Microscopy analysis of carbon fiber oxidation in composite coupons burned and smoldered at three different heat fluxes

Abstract

Carbon fiber composites consisting of woven carbon fiber layers embedded in a matrix of resin have replaced traditional materials used in modern aircraft. Composite materials respond uniquely from aluminum and titanium alloys in a fire in that they smolder after the flames are extinguished. Flame-out occurs spontaneously once the resin is vaporized or turns to carbonaceous residues or char during the burn. During smolder, resin char and fibers oxidize, producing additional heat and emitting partial combustion products. Previous work investigated oxidation properties and chemical emissions from two sets of carbon fiber composite coupons each with different resin systems when burned and allowed to smolder for 30 min at three heat fluxes (35, 50, 85 kW/m2) in a cone calorimeter. In that study, an increase in heat flux correlated with increased composite decomposition and emissions during smolder. Carbon fibers in the middle layers from the composite samples were analyzed via microscopy, and the results indicated that fiber diameter was similar across all samples, regardless of resin or heat flux. In the present study, carbon fibers in the upper layers of the previously burned and smoldered composites were analyzed via microscopy.
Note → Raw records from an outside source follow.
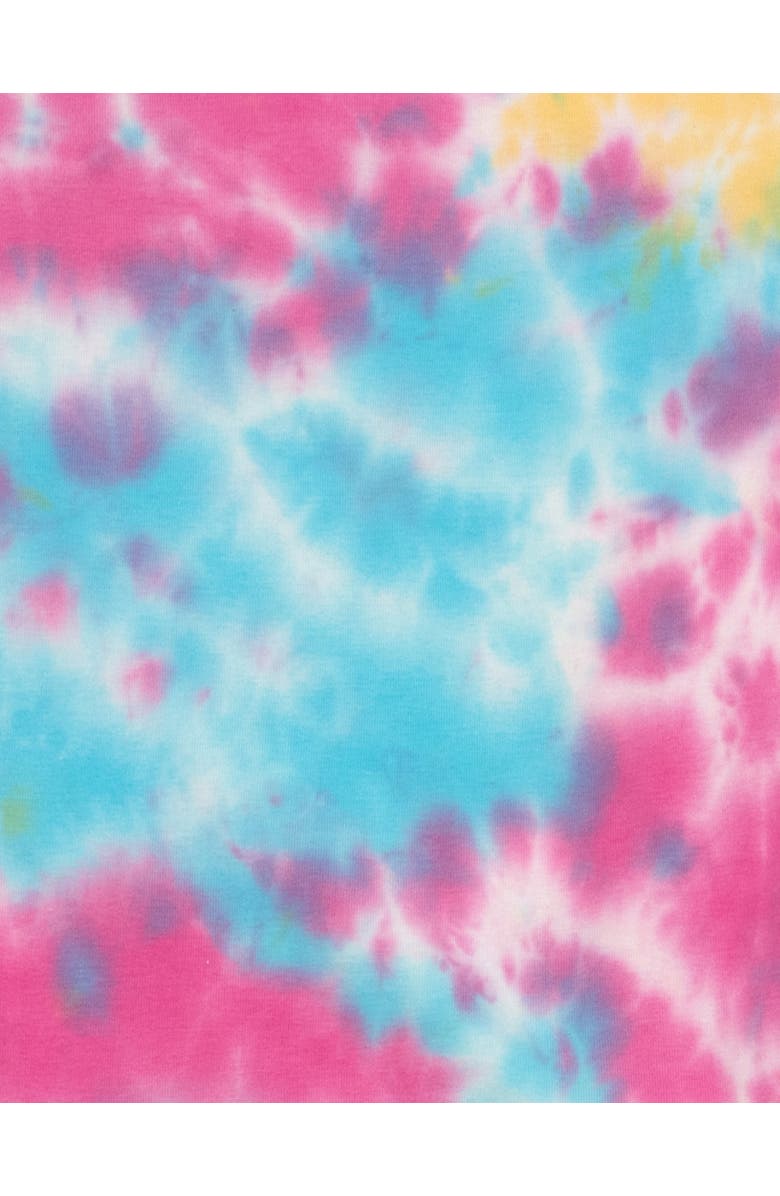 Leveret Kids Two-Piece Tie Dye Cotton Matching Family Pajamas, Alternate, color, Tie Dye Rainbow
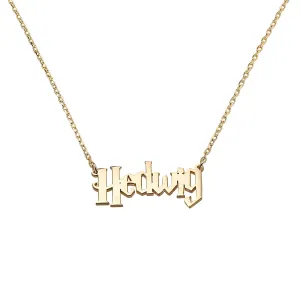 Harry Name Necklace, Personalized Name Necklace for Wizard Fans, Magical Custom Name Necklace, Potter Fans, Birthday Gift, Christmas Gift, Name Necklace for Magic Lovers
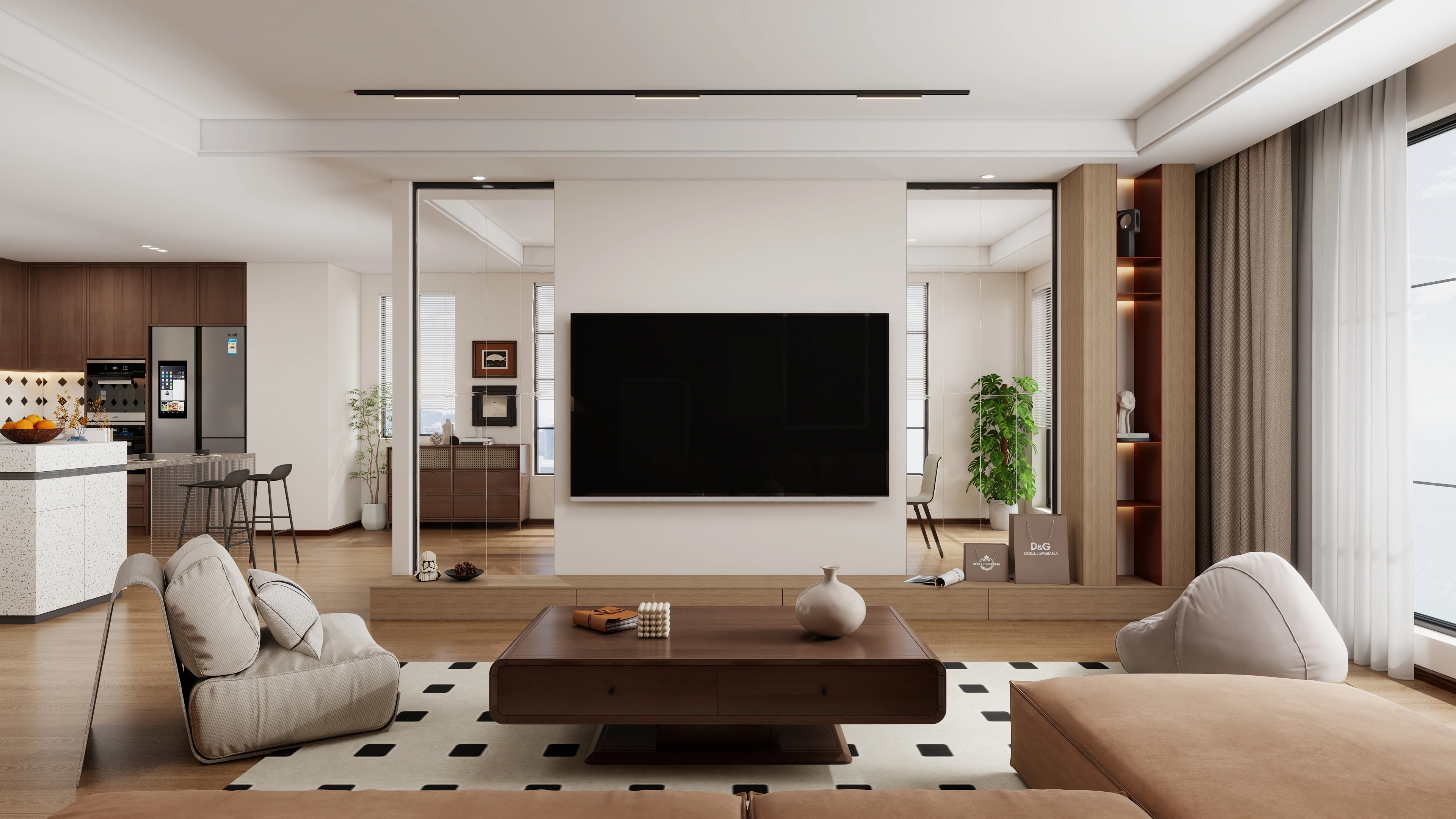 Dunhuang China Design Style in Dunhuang City Living room 4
The analysis indicated that in the upper delaminated composite layers closest to the heat source, fiber diameter was reduced at 50 and 85 kW/m2 versus 35 kW/m2 and compared to fiber diameter in the middle layers of composites at all heat fluxes. This phenomenon was limited to the upper layers of the composite, which provides evidence to support the concept that temperature and oxygen transport dictate smolder reaction kinetics and are limited in the in-depth direction between fiber layers.